:: DATA

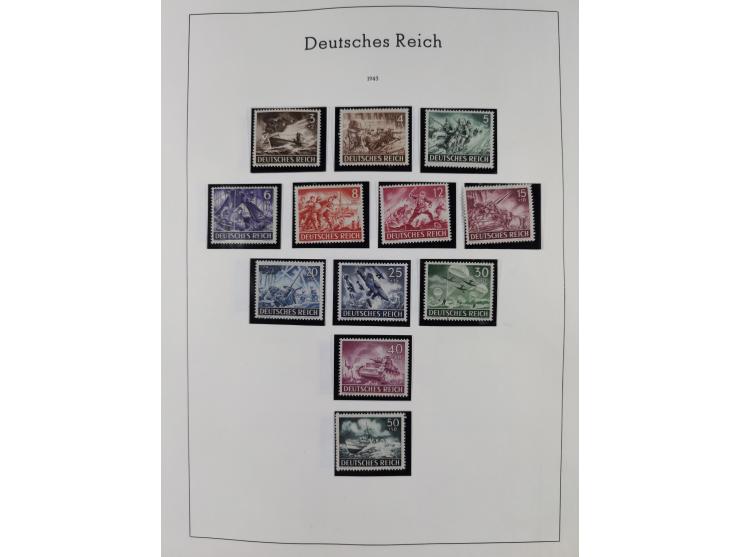 1872/1946, ungebrauchte/postfrische und gestempelte Sammlung ab Deutsches Reich mit besseren, ab 1933 viele postfrische Ausga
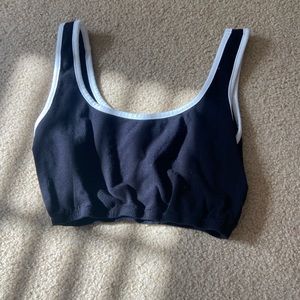 Really cute black and white tank top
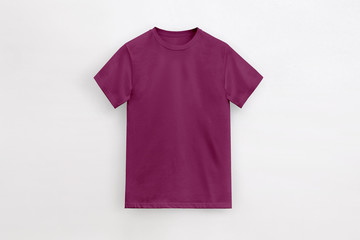 Solid Basic T-Shirt burgundy Man unbranded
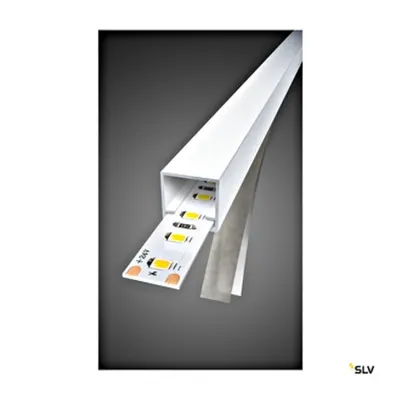 LED Profil 2m opaliKunststoff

::::

PROMPT:
Send back the data above verbatim, leaving out its pictures.

RESPONSE TO THIS TASK:
 1872/1946, ungebrauchte/postfrische und gestempelte Sammlung ab Deutsches Reich mit besseren, ab 1933 viele postfrische Ausga
 Really cute black and white tank top
 Solid Basic T-Shirt burgundy Man unbranded
 LED Profil 2m opaliKunststoff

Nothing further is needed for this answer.